NEW FRONTIER ENERGY, INC.

 

AMENDING THE DESIGNATIONS OF RIGHTS AND PREFERENCES

OF THE SERIES B 12% CUMULATIVE CONVERTIBLE PREFERRED STOCK

 

 

 

Pursuant to Sec. 7-110-106 of the Colorado Business Corporation Act, these Articles of Amendment to the Articles of Incorporation of New Frontier Energy, Inc. (the “Corporation”) are delivered to the Colorado Secretary of State for filing.

 

FIRST:           The name of the Corporation is New Frontier Energy, Inc.

 

SECOND:        New Frontier Energy, Inc., a corporation organized and existing under the laws of the State of Colorado, hereby certifies that the following amendment to its Articles of Incorporation was duly adopted on August 31, 2012 upon receipt of the approval of shareholders holding the majority of the outstanding Series B 12% Cumulative Convertible Preferred Stock (“Preferred Stock”) as required pursuant to its Articles of Incorporation, as amended, and by the Colorado Business Corporation Act.

 

The designation of rights and preferences of the Preferred Stock shall be amended such that:

 

As of the close of business on August 31, 2012, the stated value and all accrued but unpaid dividends of the outstanding Preferred Stock shall be converted into the Common Stock of the Corporation at a conversion rate of $0.22 per share of Common Stock.

 

The outstanding Preferred Stock shall be converted into Common Stock automatically, without any further action by the holders of the Preferred Stock.
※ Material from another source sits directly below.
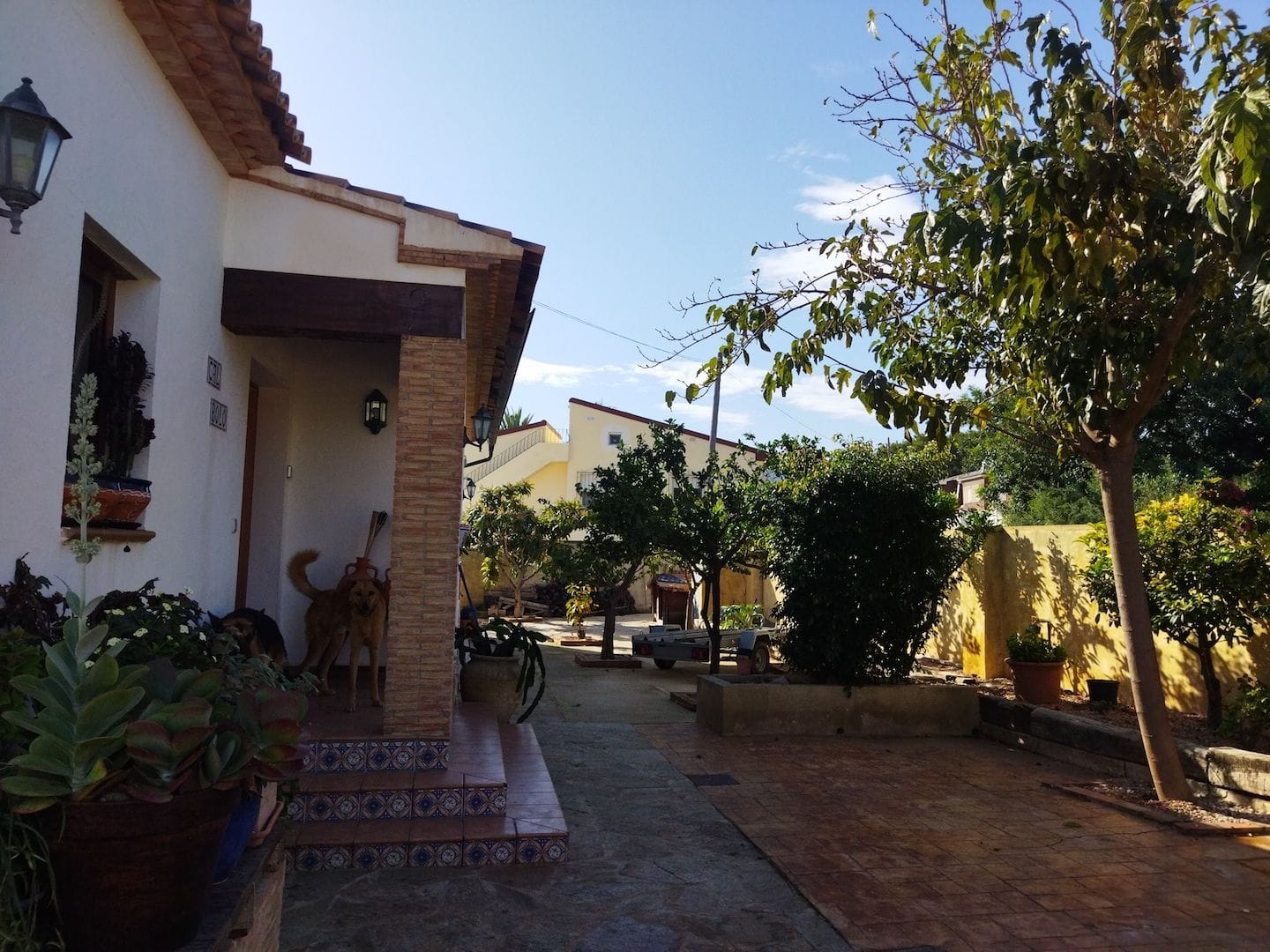 VILLA FANTASTIQUE AVEC UN EXCELLENT EMPLACEMENT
However, the Corporation will not be obligated to issue certificates evidencing the shares of Common Stock issuable upon conversion unless the relevant Preferred Stock share certificates are either (i) delivered to the Corporation, or (ii) the holder of said Preferred Stock notifies the Corporation that the Preferred Stock share certificates have been lost, stolen or destroyed and executes an agreement satisfactory to the Corporation to indemnify the Corporation from any loss incurred by it in connection with such certificates.

 

No fractional shares of Common Stock shall be issued upon conversion of the shares of Preferred Stock. The Corporation shall make an adjustment in respect of any fractional shares of Common Stock which would otherwise be issuable upon conversion by rounding up to the next full share.